CytoSnake New Pathing implementation

About
Motivation
Implementation Approach
Reviewer focus
- Greg
- Dave
Usage and assumption

About

This PR introduces a new pathing system for CytoSnake. This PR is sections into multiple parts:

Motivation
Implementation Approach
Reviewer Focus
Usage and assumption

The Motivation explains the whole purpose of this PR. Explains the issues there we encountered with the previous version and provide justification why this PR is necessary

The implementation approach provides a detailed description on how the issue was resolved. This will describe the types of software engineering approaches were conducted in order to solve this issue.

In the reviewer focuses section, reaches out to main reviewers on what to focus on. This allows reviewers were to focus on instead of trying to find on "what to do".

In the usage and assumptions sections provides a description on how cytosnake is used. Detailed explanations will be provided including what are the assumptions present when using cytosnake.

Motivation

CytoSnake is a CLI tool that contains multiple reproducible workflows that analyzes cell morphology readouts.

Recently, CytoSnake has gone through it's first round of usage testing by @jenna-tomkinson and pointed out some major issues in regards of CytoSnake's strict naming scheme.

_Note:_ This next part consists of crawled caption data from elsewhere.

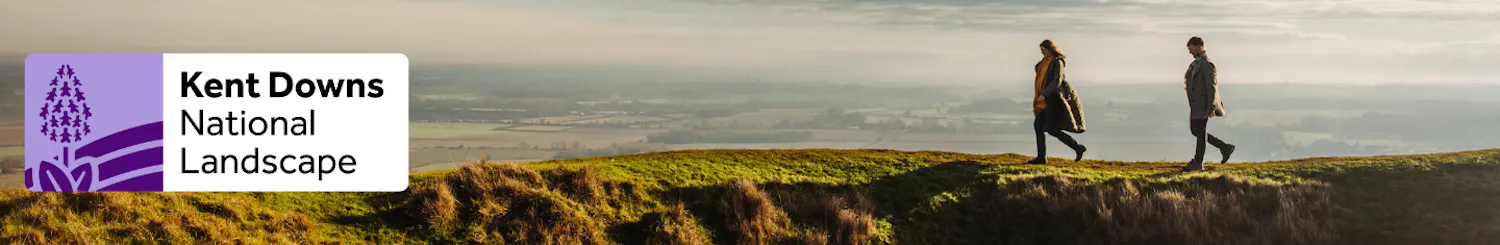 Kent Downs National Landscape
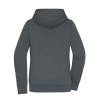 Sweat-shirt capuche Femme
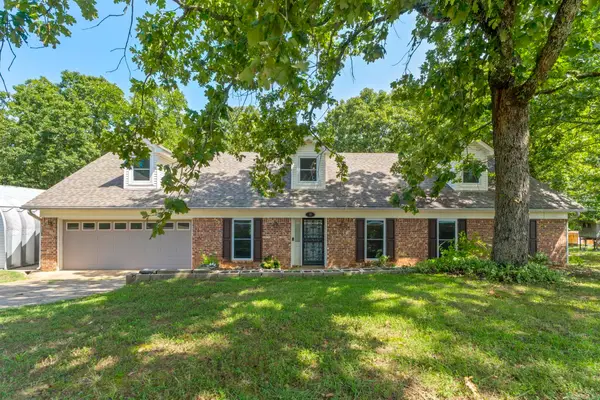 16 Forest Glades Circle, Sherwood, AR 72120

CytoSnake's workflows are written in Snakemake, a popular workflow manager that is highly used in the bioinformatics community. Snakemake is highly known for powerful and intuitive workflow design that allows for generating scalable, portable and reproducible workflows. However, Snakemake's declarative naming scheme is very strict. This means that file containing different names will instantly cause the program to fail.

Below is an example: In the Snakemake, we need to specify an input, output.

rule read_inputs:
    inputs: "path/path/metadata"
    output: "path/path/output.txt"
    script: "scripts/read_inputs.py"

The example above is what is known as a rule. This is the building block for a Snakemake workflow. A rule specifies a specific step within your workflow. It requires users to add an input, output and an executable (in this example it's script) that will generate the output. In a complete workflow, you will see a series of rules.

In this example, we are specifying the path to the input , output and the script, which will generate the output.

If we look closely, this rule will only work if the input file name exactly matches.

Therefore, if the metadata folder was renamed to Metadata, it will automatically fail despite providing the correct path.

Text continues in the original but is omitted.